De volta a Canavieiras, já reformado pela PM, foi convidado a participar da reestruturação da Lyra do Commercio, trabalhando com afinco junto com um grupo de associados, na sede provisória, pois tinha perdido sua sede, onde hoje funciona a Câmara Municipal. Nesta época, foi feita a primeira tentativa de recuperação e a Lyra funcionou na sede do Pelotão da PM, autorizado pelo tenente Câmara.

Na segunda tentativa, em 2002, o Governo do Estado da Bahia, por meio da Casa das Filarmônicas, elaborou o Projeto de Recuperação das Bandas Centenárias. Vendo que a Lyra do Commercio não estava contemplada, José Tolentino solicitou ao Secretário Paulo Gaudenzi a inclusão da filarmônica de sua cidade, que foi, enfim, agraciada com um lote de instrumentos.

Com os novos instrumentos e músicos “afiados”, a Lyra do Commercio voltou aos dias de glória, fazendo apresentações em Canavieiras e outras cidades da região, chegando a Salvador. Na capital, durante um festival de filarmônicas, o conceituado maestro Fred Dantas convidou o seu colega Dondonga a reger a Lyra e diversas filarmônicas em conjunto.

Dondonga fez questão de dizer que a música foi tudo em sua vida e que coleciona grandes lembranças de todos esses anos. Dentre os momentos de alegria, ele cita a visita dos familiares e dos alunos de música, grande parte deles servindo as Forças Armadas por esse Brasil afora e que fazem questão de visitá-lo sempre que vêm a Canavieiras. “Esse reconhecimento é tudo na minha vida”, ressalta.

Hoje, já afastado da batuta da Lyra do Commercio, não dispensa uma visita nas tocatas e nas reuniões da Academia de Letras e Artes de Canavieiras (ALAC), onde ocupa a Cadeira 21, cujo patrono é Martinho Araújo Chachá, seu pai. A acertada escolha do Maestro Dondonga para a academia foi um reconhecimento pelo canavieirense que dedicou toda sua vida à música, herdando o DNA da família Chachá.

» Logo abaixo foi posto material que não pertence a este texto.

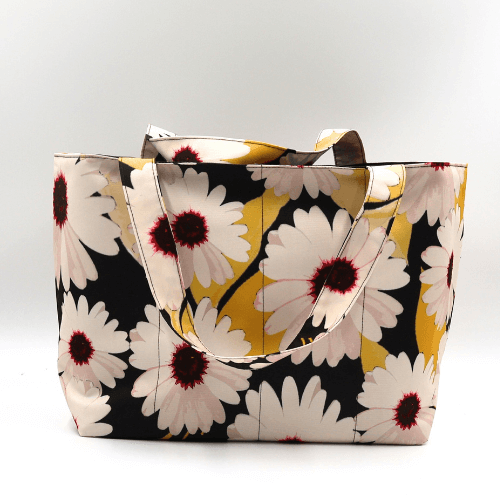 Medium teacher/book bag with white, daisy design on a black background. Carry books and crafts.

O marceneiro, o músico e o militar agora são somente boas lembranças na vida de Donaldson Chachá, o conhecido e admirado Dondonga. A vida de festas ficou pra trás e atualmente ele é um dedicado e fervoroso membro da Igreja Maranata, em Canavieiras. Hoje rege a afeição com os familiares e amigos que construiu nesses quase 92 de vida, bem vividos, e que faria tudo de novo se tivesse nova oportunidade.

Uma bela lição de vida!

Na noite de sábado (8 de agosto de 2020) se recolheu à cama e não mais acordou. Morreu enquanto dormia, sem dar trabalho a ninguém, do jeito que queria. Na tarde de domingo foi sepultado em Canavieiras com o acompanhamento de parente, amigos e da Sociedade Phylarmonica Lyra do Commercio. A música de Canavieiras perde um grande professor.